In terms of news coming from the area, there has been plenty; last month we heard how Kingston Hospital has digitally optimised their fertility pathway by partnering with OX.DH, a health tech start-up with links to the University of Oxford. The hospital has introduced a cloud-native digital platform to support patient-centric, individualised care, supporting cyber security and enabling patients to have greater control over their own health by managing their own appointments and documentation online.
In March, The Royal Marsden NHS Foundation Trust went live with Connect, its electronic patient record, along with a patient app and website. It has been described as “the largest and most important digital transformation programme in The Royal Marsden’s history”. HTN will be interviewing chief information officer David Newey in the coming weeks to hear how the launch went, so keep an eye out for more information coming soon.

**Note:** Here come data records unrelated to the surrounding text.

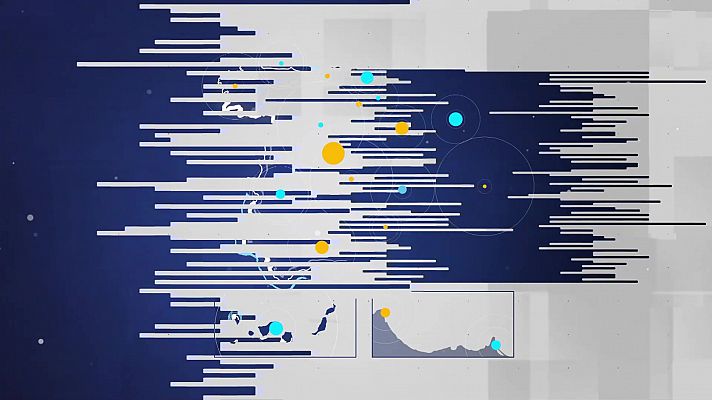 Informativo de Madrid - Informativo Madrid 2 - 20/01/2023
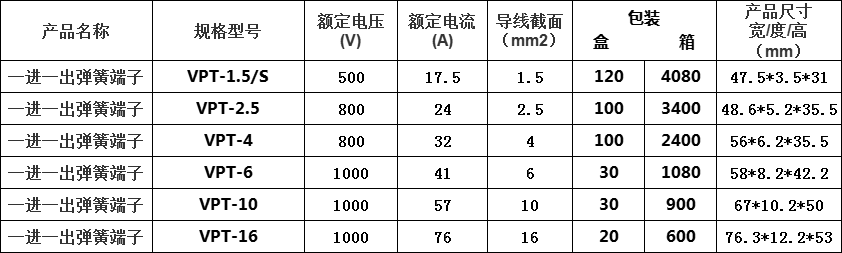 一进一出参数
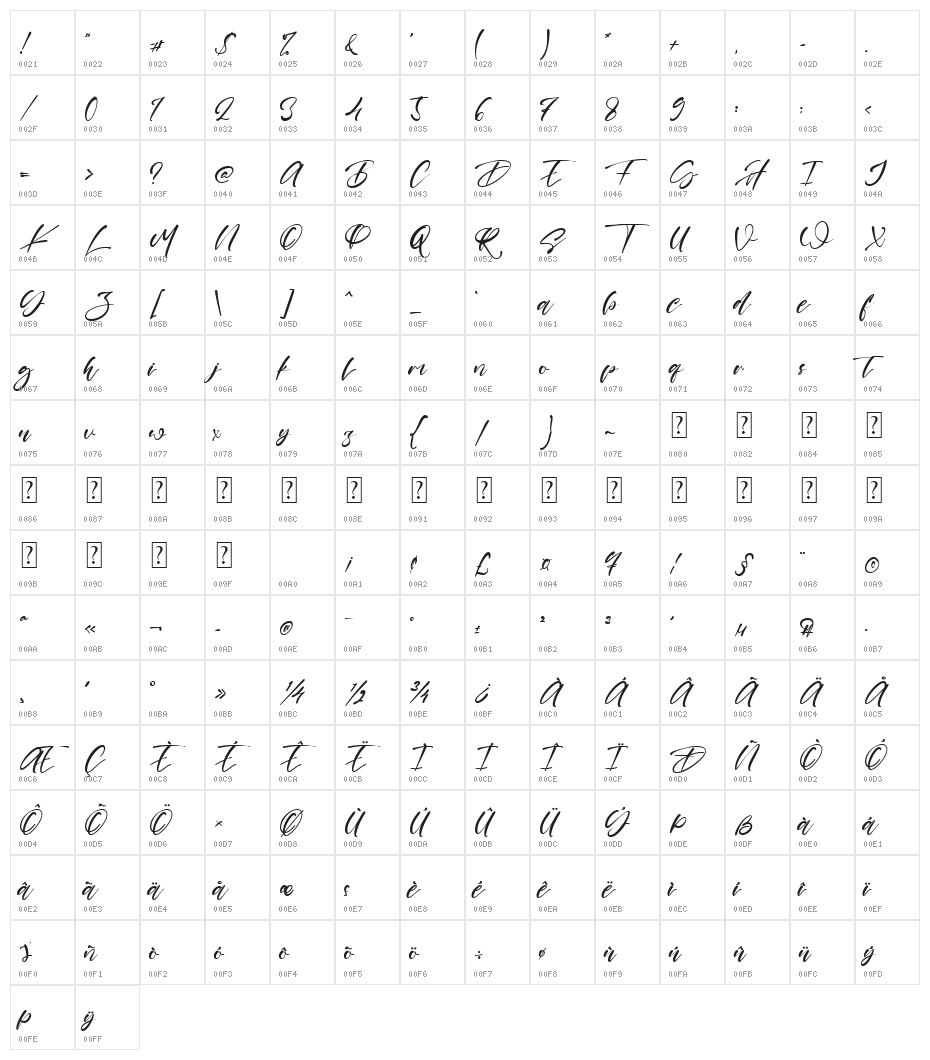 Shayne Character Map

We also heard how the Royal Marsden, in collaboration with The Institute of Cancer Research and Imperial College London, has been investigating how artificial intelligence could help in identifying the risk of cancer returning in non-small lung cancer. The ongoing study uses imaging and clinical data from patients following curative radiotherapy, and aims to develop and test machine learning algorithms to gauge how accurately the. models can predict the recurrence of cancerous cells.
Looking further back, 2022 brought the news that two of the ICS’s trusts – Epsom and St Helier Hospitals NHS Foundation Trust and St George’s University Hospitals NHS Foundation Trust – have joined forces to share their electronic patient record system as part of their working partnership and close collaboration on research, staff development, education and training.
In addition, Croydon Health Services NHS Trust launched an interactive mapping service to help visitors route their care and plan their visit in advance. The service allows users to view directions, with guidance on their exact location within five feet on an interactive map. Users can search for specific departments, services, rooms, elevators, restrooms, dining areas and inpatient care areas, and see estimated walking times and distance. It has also been translated into multiple languages to support inclusion.